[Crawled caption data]
◆ ◆ ◆ ◆

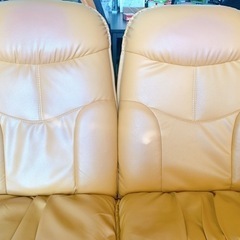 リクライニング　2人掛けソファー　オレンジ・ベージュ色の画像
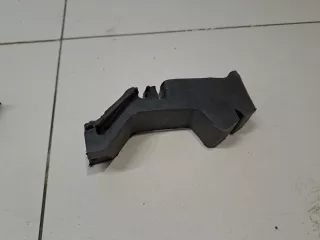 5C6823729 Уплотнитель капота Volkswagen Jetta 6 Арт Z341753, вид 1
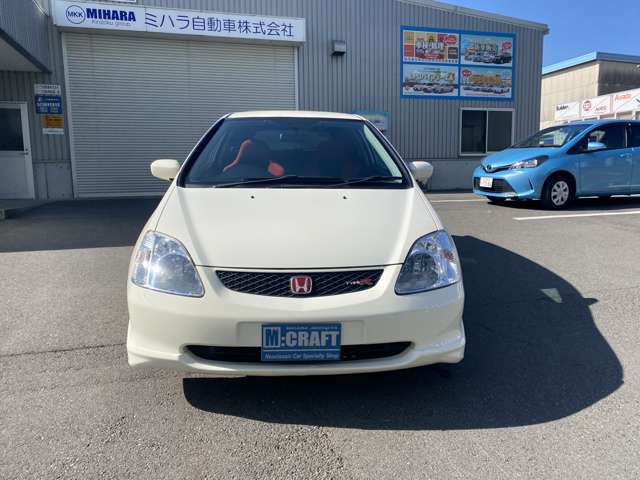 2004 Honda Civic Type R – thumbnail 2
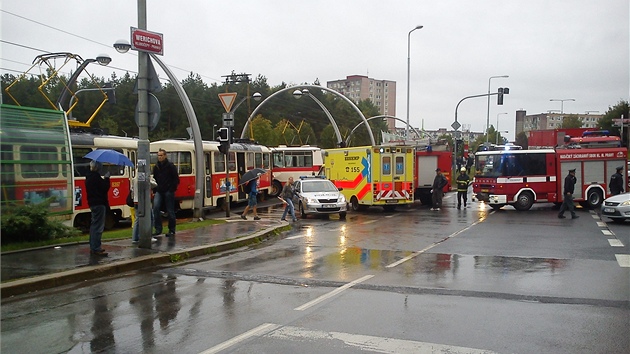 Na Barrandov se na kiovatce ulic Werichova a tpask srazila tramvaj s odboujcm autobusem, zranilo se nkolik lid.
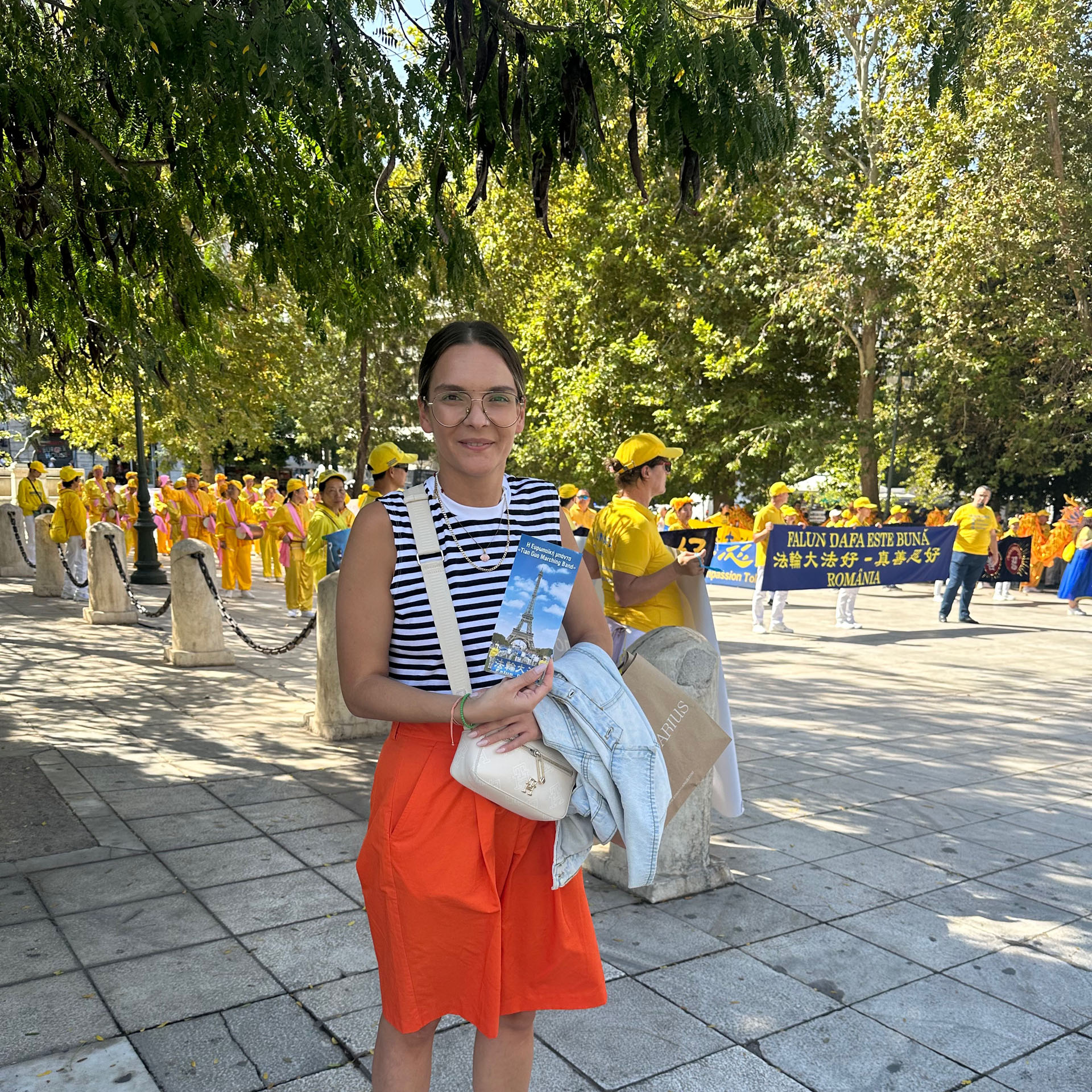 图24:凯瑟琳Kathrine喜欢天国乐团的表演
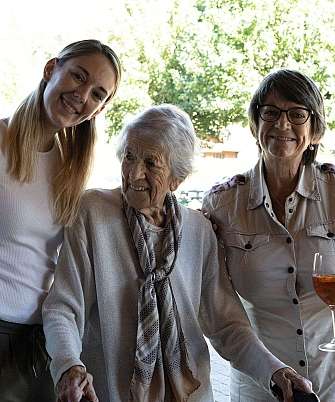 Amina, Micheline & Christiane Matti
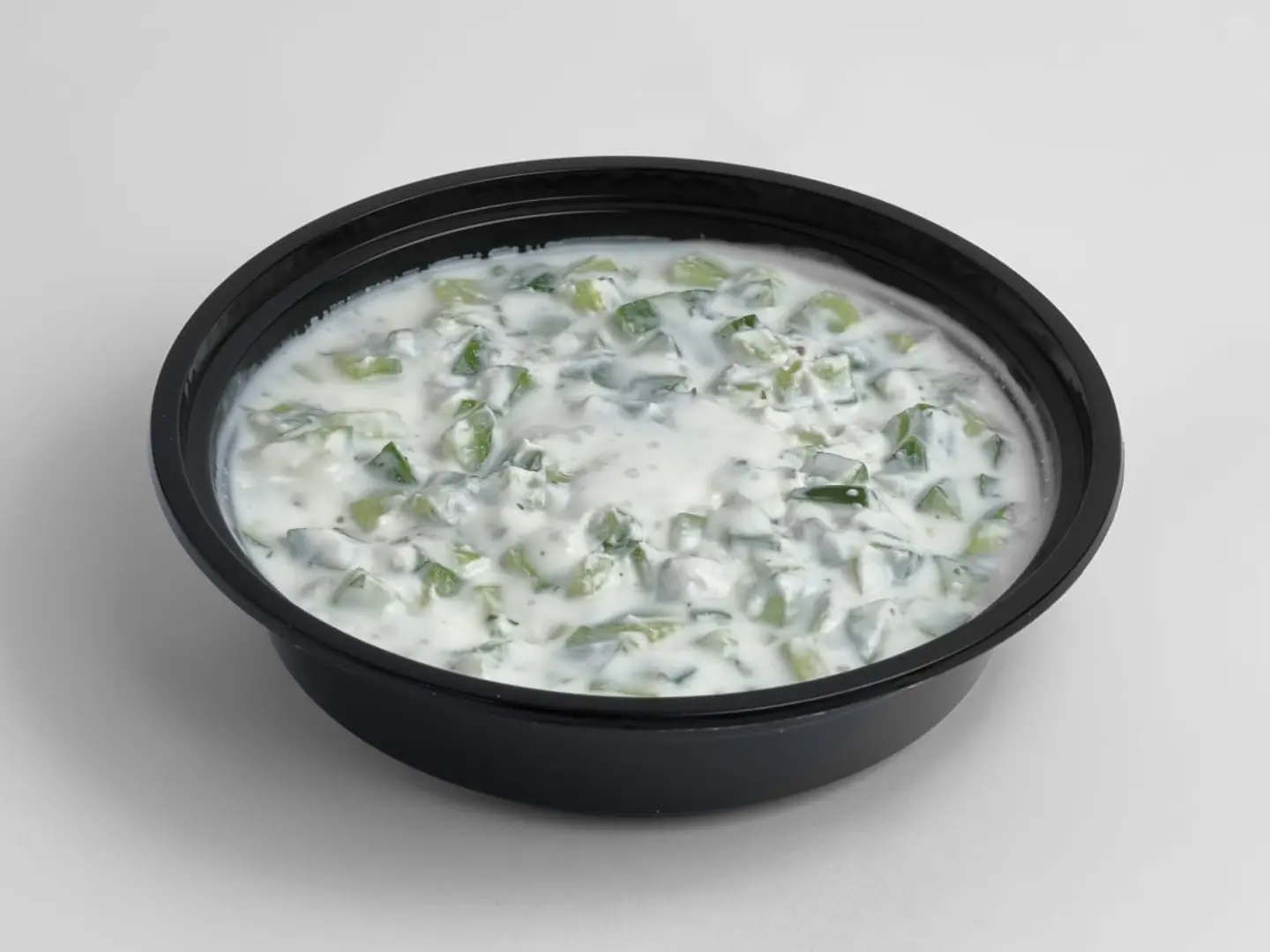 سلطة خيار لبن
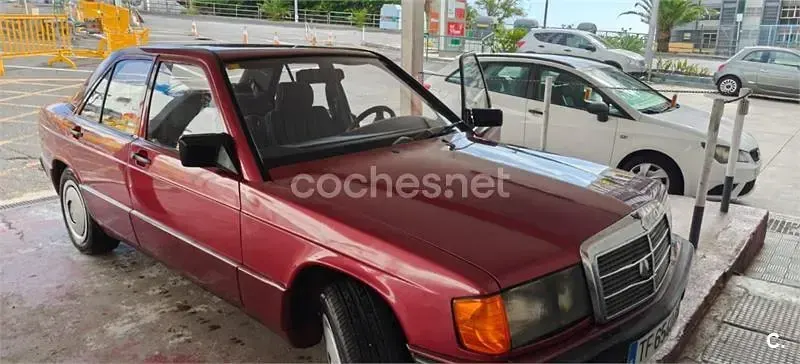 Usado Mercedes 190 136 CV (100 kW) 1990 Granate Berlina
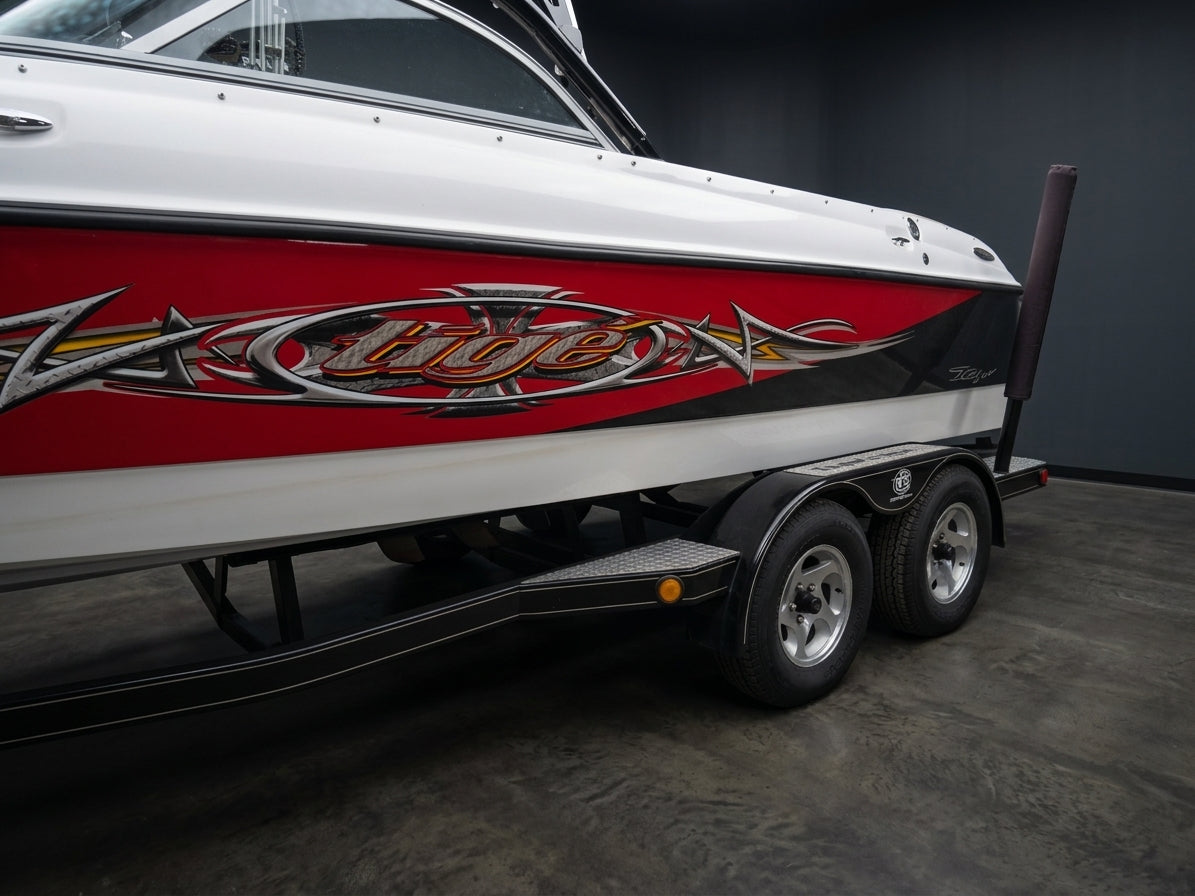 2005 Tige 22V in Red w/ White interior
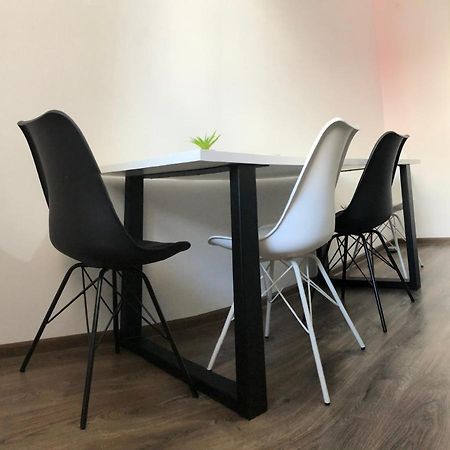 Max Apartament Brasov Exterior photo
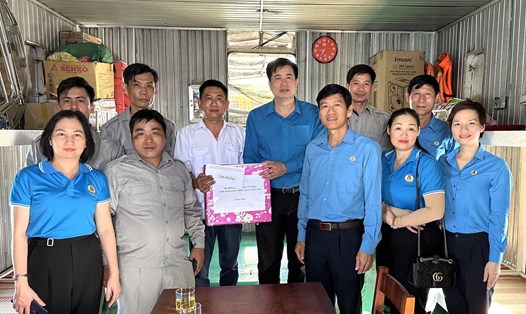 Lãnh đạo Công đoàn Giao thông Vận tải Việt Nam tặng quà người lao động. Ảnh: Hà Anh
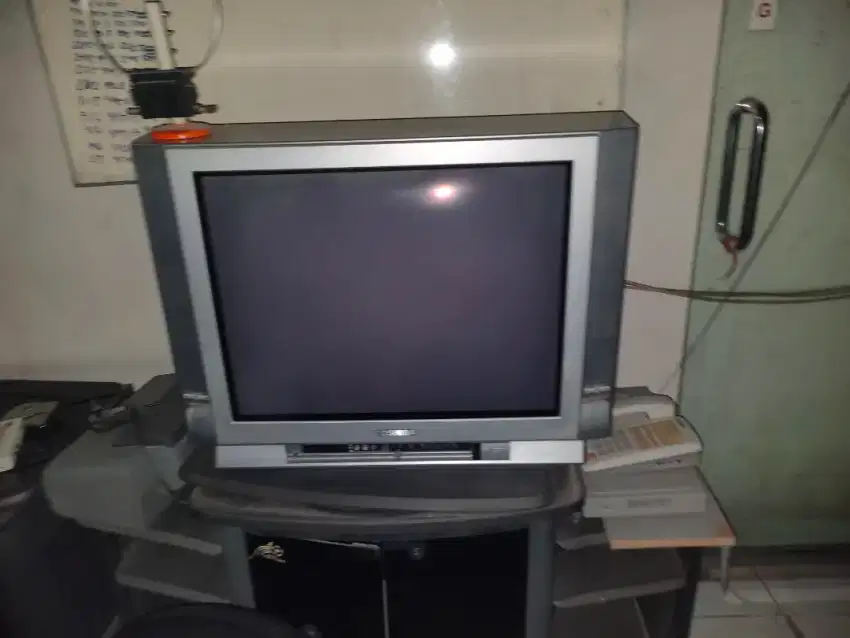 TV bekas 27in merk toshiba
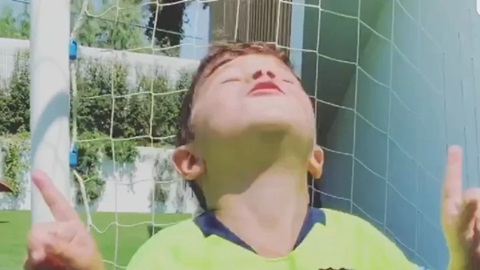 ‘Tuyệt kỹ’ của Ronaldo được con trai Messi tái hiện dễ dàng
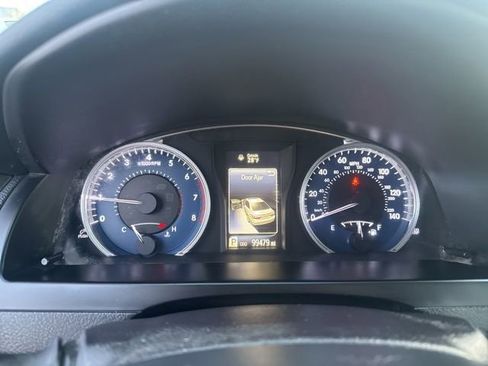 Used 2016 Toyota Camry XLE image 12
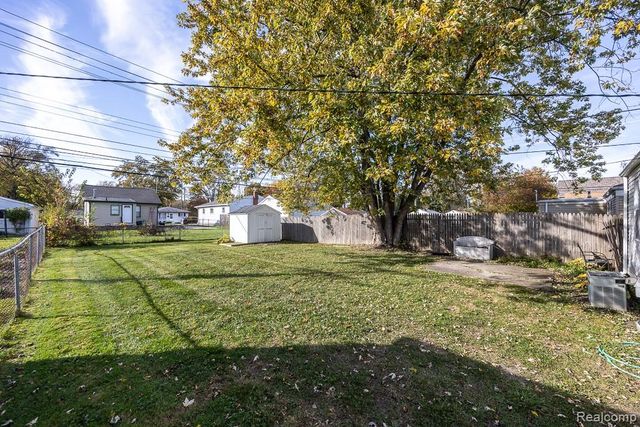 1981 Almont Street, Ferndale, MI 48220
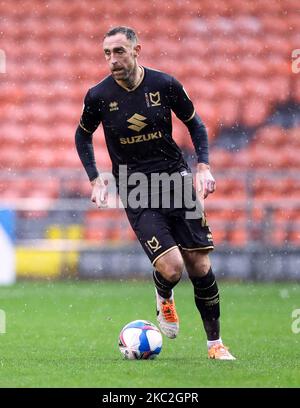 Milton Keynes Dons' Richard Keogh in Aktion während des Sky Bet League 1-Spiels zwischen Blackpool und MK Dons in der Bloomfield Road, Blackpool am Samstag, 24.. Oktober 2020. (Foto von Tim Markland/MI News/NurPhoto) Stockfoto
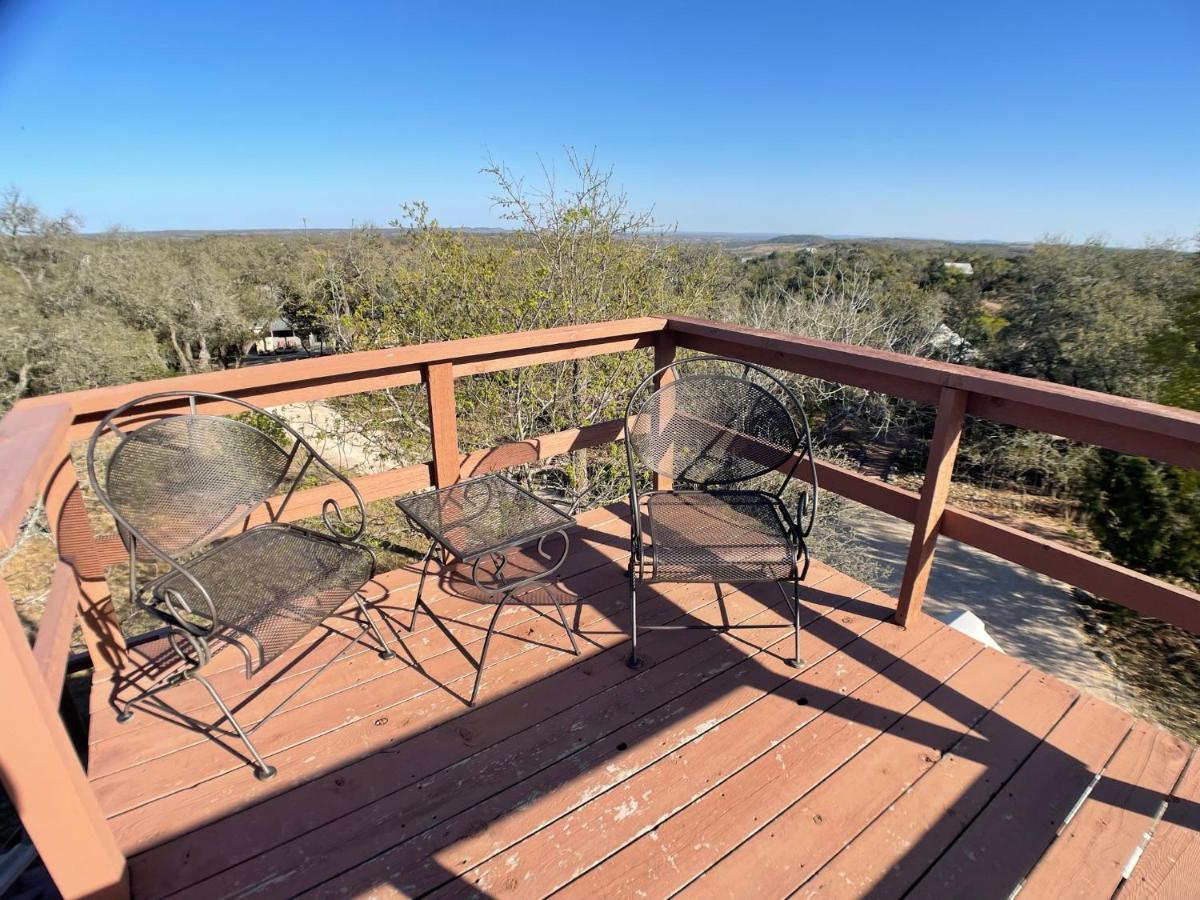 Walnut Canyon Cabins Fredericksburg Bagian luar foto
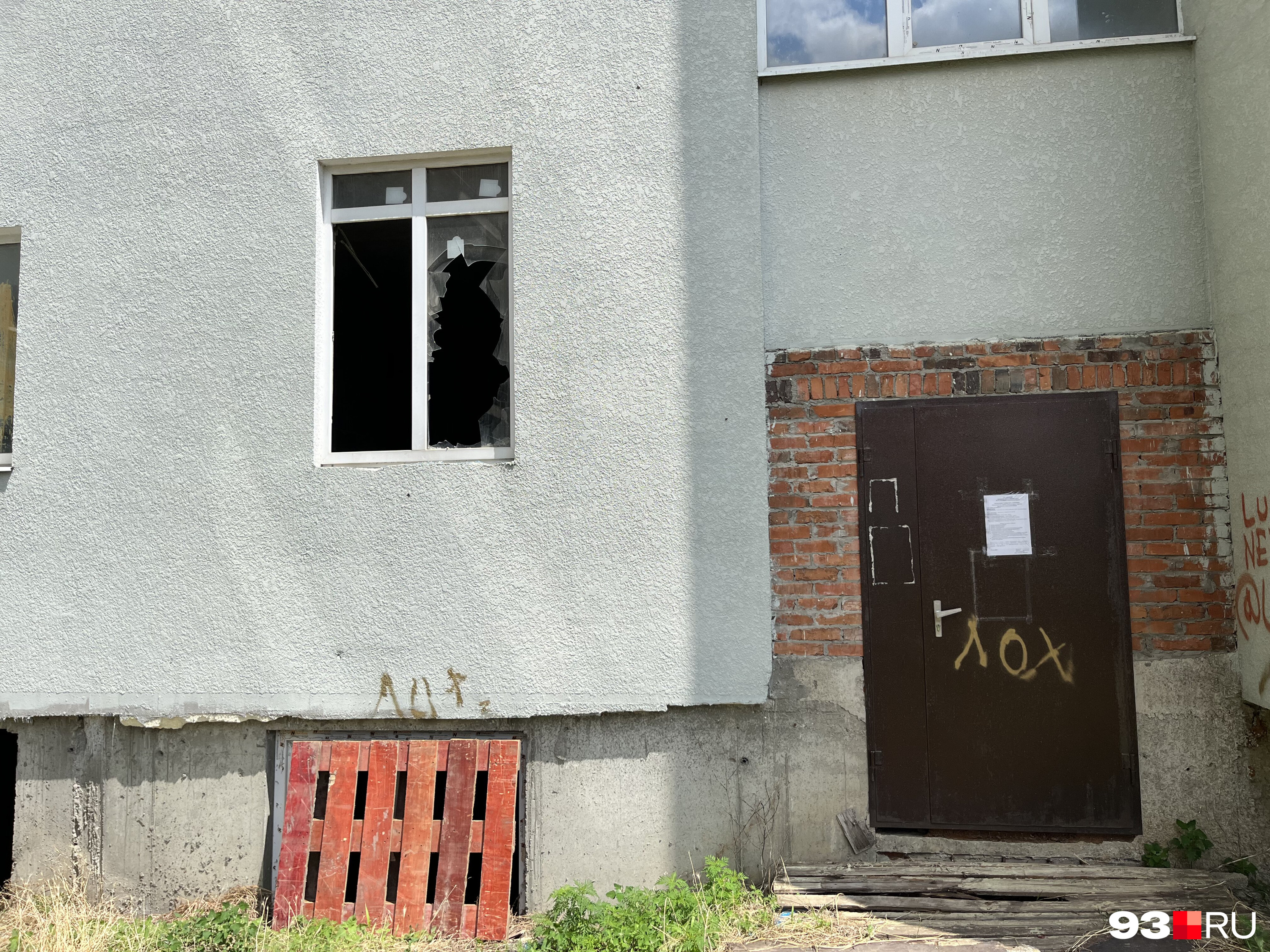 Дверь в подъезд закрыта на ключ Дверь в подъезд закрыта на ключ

◆ ◆ ◆ ◆

## [REQUIREMENT]
Give back exactly the lines from the first line of the data through the line with "Lãnh đạo Công", pictures excluded.

## [EXERCISE ANSWER]
 リクライニング　2人掛けソファー　オレンジ・ベージュ色の画像
 5C6823729 Уплотнитель капота Volkswagen Jetta 6 Арт Z341753, вид 1
 2004 Honda Civic Type R – thumbnail 2
 Na Barrandov se na kiovatce ulic Werichova a tpask srazila tramvaj s odboujcm autobusem, zranilo se nkolik lid.
 图24:凯瑟琳Kathrine喜欢天国乐团的表演
 Amina, Micheline & Christiane Matti
 سلطة خيار لبن
 Usado Mercedes 190 136 CV (100 kW) 1990 Granate Berlina
 2005 Tige 22V in Red w/ White interior
 Max Apartament Brasov Exterior photo
 Lãnh đạo Công đoàn Giao thông Vận tải Việt Nam tặng quà người lao động. Ảnh: Hà Anh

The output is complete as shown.